Headquarters, U.S. Pacific Command
Camp H.M. Smith, Hawaii
January 10, 2005

 

ADM Fargo: Admiral Fargo: Good morning, aloha.

I'd like to provide you a brief update, if I can this morning, on the status of our humanitarian assistance and disaster relief operations currently ongoing in South and Southeast Asia, and of course at the conclusion of my comments I'd be happy to take your questions.

To date the world's combined relief efforts have had a very considerable measure of success, but we all recognize clearly more needs to be done. It will be done in close coordination with the leadership of the host and partner nations and the international governmental and non-governmental organizations that are playing a huge role right now in this undertaking.

We've seen a diverse and broadly capable team develop, a team that has come together quickly to best consolidate relief expertise and capability. It's fair to say that hundreds of entities are involved, each adding unique and important skills from both hard to find, imaginative, and effective ways to blend those skills and enable those talents. It's readily evident what a superb job that they're all doing.

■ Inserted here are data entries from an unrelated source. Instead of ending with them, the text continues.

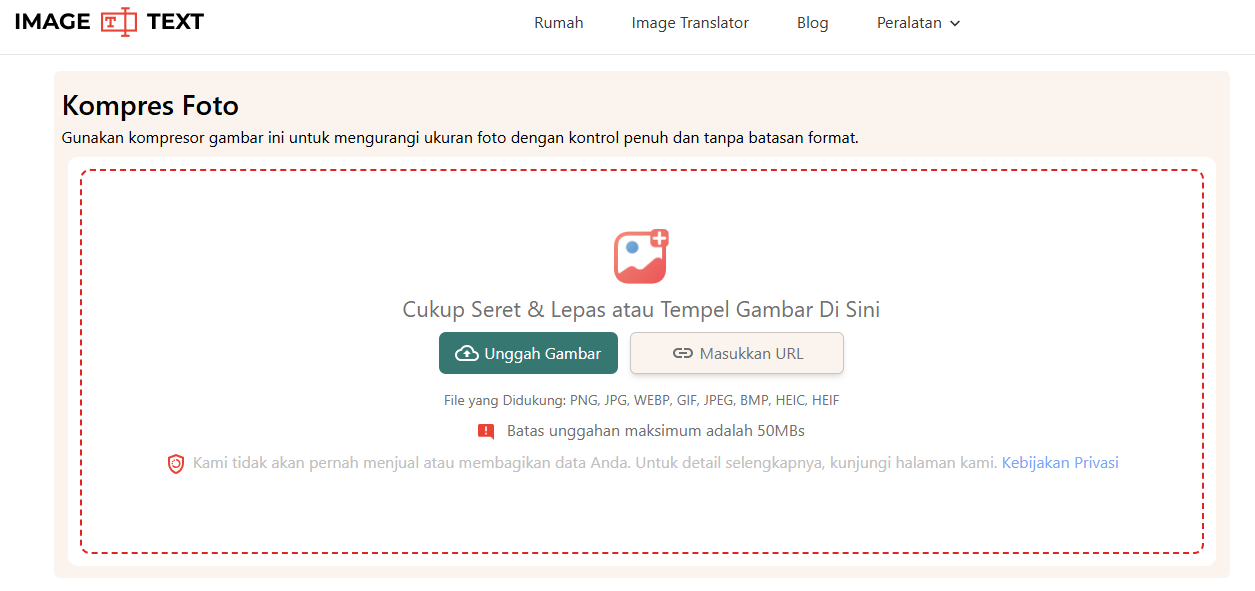 5 Kategori AI Tools Gratis untuk Produktivitas Kerja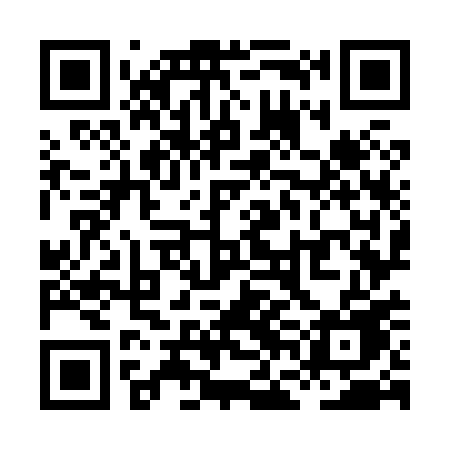 QR code for XFO80E
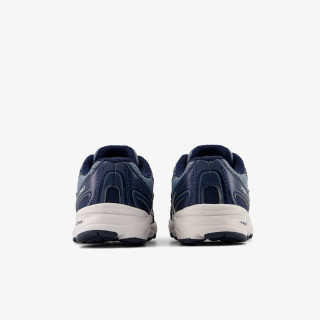 New Balance Pantofi Sport K 740 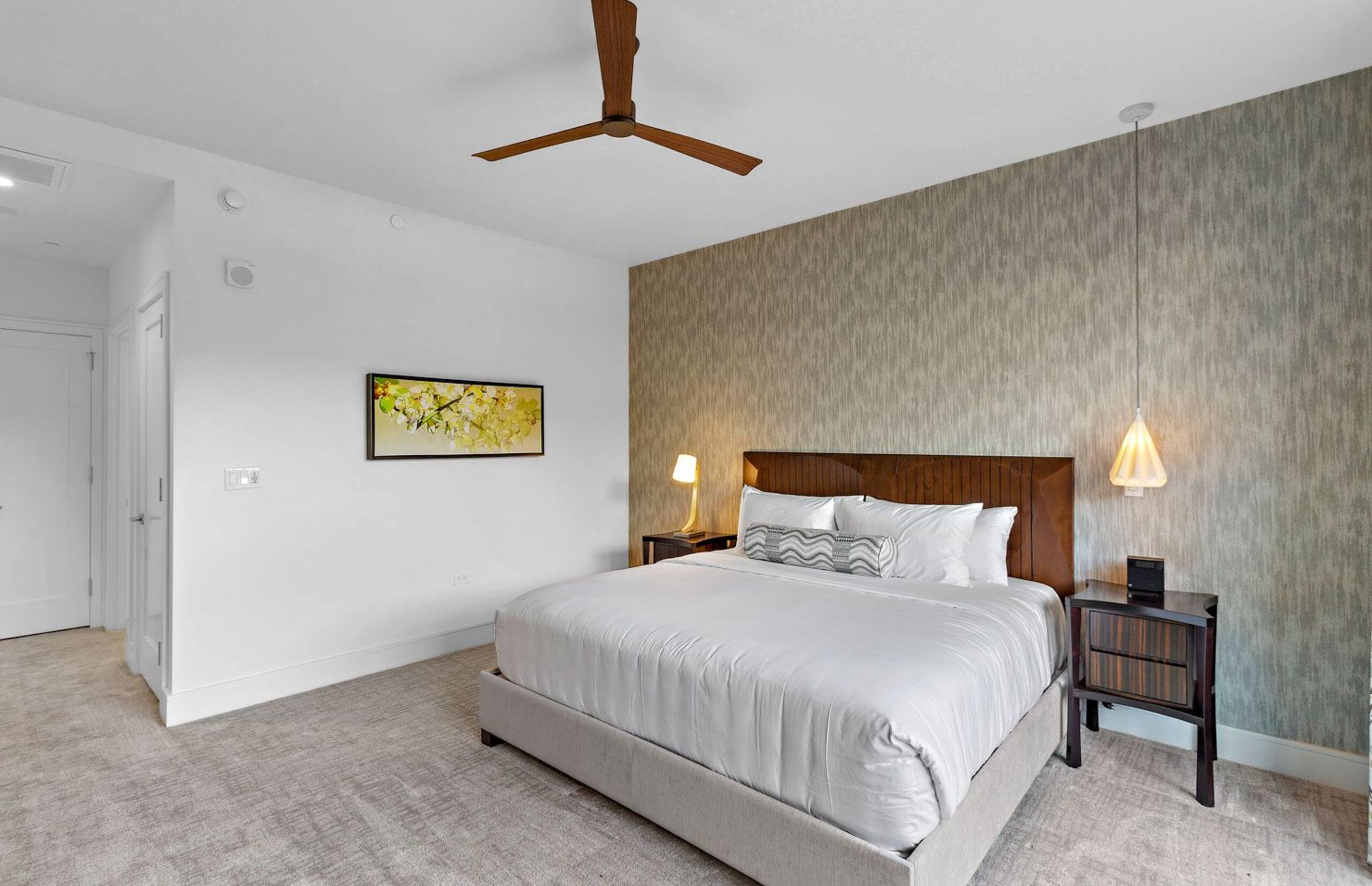 Condo in Lahaina · ★5.0 · 3 bedrooms · 4 beds · 3 baths - Image 19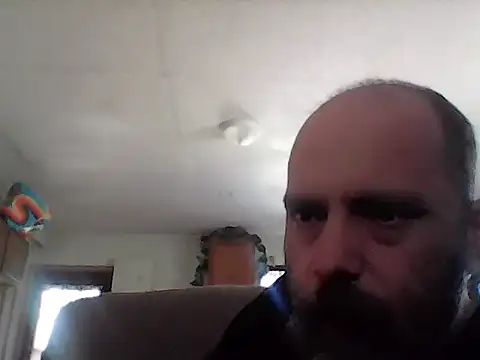 crazyheratic8's Live XXX Chat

We thank the host nations -- Indonesia, Sri Lanka and Thailand -- for the clear priorities they're provided to the Combined Support Forces, and once again, we greatly appreciate our host nations' leadership and their effective efforts.

Over the past two weeks we've built our relief efforts and added capacity from seaborne platforms and aircraft, not by creating an unnecessarily large group of U.S. military personnel ashore but by operating from a sea base. Of note, USS Abraham Lincoln and Bonhomme Richard continue relief efforts to the west coast of Sumatra which was the hardest hit area of Indonesia. Lincoln support is focusing on the Banda Aceh region while Bonhomme Richard is providing support off the coast of Ulabo [ph].

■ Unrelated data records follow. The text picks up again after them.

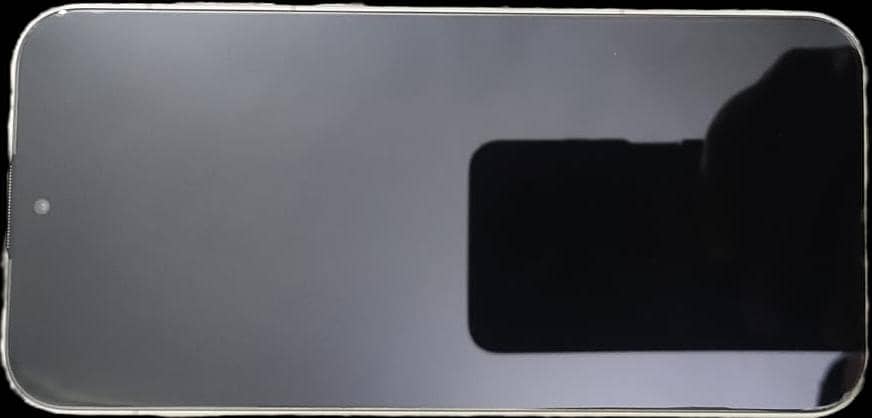 one plus 15 china version 1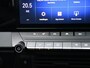 Opel Astra Edition 1.2 Turbo 130pk PDC | CRUISE.C | 16''LM | DAB | NAVI | APPLE-CARPLAY | APPLE-CARPLAY | STOEL + STUURVERW.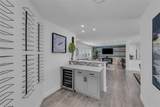 3108 42nd Court - Photo 39
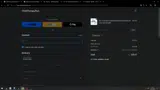 HPY24CT coupon verification screenshot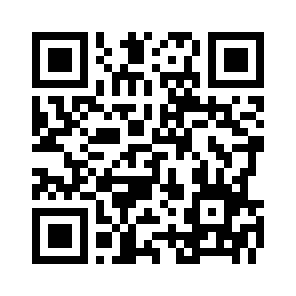 福岡市の街ガイド情報なら|香椎百年クリニックのQRコード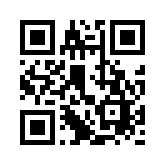 QR-Code https://ppt.cc/CY2X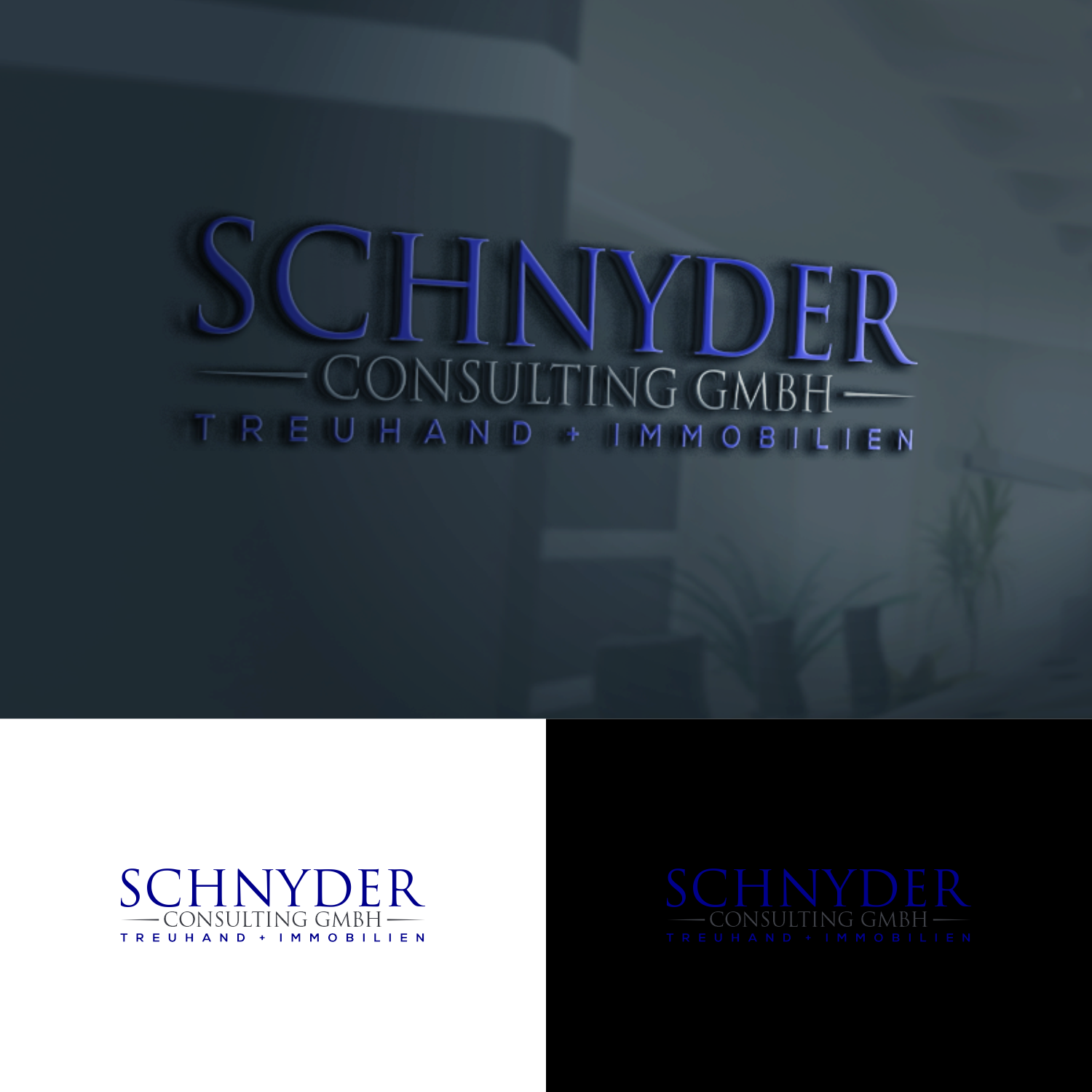 Logo Design by semarco for this project | Design #30126760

The Indonesian government is utilizing the capacity brought by these ships in close coordination with the many other support groups.

Off the coast of Sri Lanka USS Duluth has now arrived and will be incorporating additional helicopter, medical and engineering capability based on the direction of the Sri Lankan government.

It's important to recognize that the duration of U.S. military presence will be as long as required to meet the immediate relief needs that military forces uniquely provide. As civilian relief capability and capacity grows we'll reduce our presence appropriately based on the requirements of the host nation and the lead relief organizations.

I'd like to say that our service men and women are greatly honored and proud to extend a helping hand on behalf of the American people. We've experienced a warm welcome and many thanks from the Indonesians and the Sri Lankans and the Thai people. Together all participants in this noble effort are making a difference.

I want make the point that our regional partners as well as other nations around the world have responded with great speed and compassion. While we can't undo the catastrophic results of the tsunami, we can commit ourselves to a partnership providing quick relief to those in need.

In closing, I'd also like to comment briefly on another tragedy of a different dimension, the accident on board USS San Francisco. Our hearts and prayers and sympathy are with the family of the sailor lost in that accident, his shipmates, and all others injured and affected.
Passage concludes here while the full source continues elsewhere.